Nell’ambito del progetto didattico “Ricordi di scuola, realizzato dagli alunni della scuola media, è stato bandito un concorso riservato agli adulti. Che sono stati invitati a raccontare, in prosa o in poesia, episodi delle proprie esperienze scolastiche. Degli elaborati pervenuti, due sono stati premiati. Il primo premio è stato assegnato a Caterina Pisu; il secondo a Teresa Agnese Serra.
Pubblichiamo oggi il “ricordo” di Caterina Pisu. Fra qualche giorno metteremo in pagina quello di Teresa Agnese Serra.
(c.p.)

 
Mia cara Giuseppina,
non ricordo più neppure il tuo cognome, ma vorrei approfittare di quest'opportunità per indirizzare proprio a te questa mia fantasiosa lettera, con l'idea che, dopo tanti anni, ancora qualcosa ci accomuni.

Tornando indietro ai tempi della scuola, io, che provenivo da varie classi sparse per la Sardegna, ho solo pochi ricordi delle elementari di Chiaramonti e tu non puoi proprio averne, avendo frequentato le "pluriclassi" in campagna. Ma una grande esperienza abbiamo in comune: entrambe abbiamo frequentato le scuole medie in una fantasmagorica varietà di "caseggiati scolastici" proprio qui, a Chiaramonti, in quegli anni che forse per entrambe sono stati gli ultimi in cui ancora la parola "bambina" ci stava bene addosso.

Forse anche tu avrai dei figli e non so se ti è mai capitato di sgridarli per aver partecipato al classico sciopero del primo quadrimestre: "Manca il gasolio, non possiamo fare lezione al freddo". Io ho sempre sorriso, ricordando quelle vecchie, puzzolenti e rumorose stufe a gas che Rosaria o zio Stefano accendevano al mattino e che l'insegnante della prima ora faceva sempre spegnere perchè "C'è aria viziata", cui poi si aggiungeva l'insegnante della seconda ora che, elegantemente, diceva "Aprite le finestre, c'è aria di umanità!".

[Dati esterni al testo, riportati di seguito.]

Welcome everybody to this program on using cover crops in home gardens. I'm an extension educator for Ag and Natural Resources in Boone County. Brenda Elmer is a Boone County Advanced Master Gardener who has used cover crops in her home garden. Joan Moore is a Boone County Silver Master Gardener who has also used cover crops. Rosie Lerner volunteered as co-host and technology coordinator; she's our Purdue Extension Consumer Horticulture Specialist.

La finestra era a volte un lucernaio, dal momento che l'aula si infossava in un seminterrato umido e semibuio, ma c'era la possibilità di riossigenarsi al cambio di ogni insegnante, specialmente se erano previste attività artistiche, tecniche, o, usando un termine che allora era proprio insolito, "ludiche". Ti ricordi le corse per raggiungere l'aula di disegno? Da via San Giovanni si faceva a gara, nei gradini irregolari e pietrosi di quello che allora era vicolo San Giovanni, poi divenuto con mio grande disappunto via delle Fosse Ardeatine, per arrivare lì dove oggi c'è un circolo. Odori di fumo, alcol, caffé hanno ormai coperto il profumo di tempere, acquerelli, crete, inchiostri e carta da disegno.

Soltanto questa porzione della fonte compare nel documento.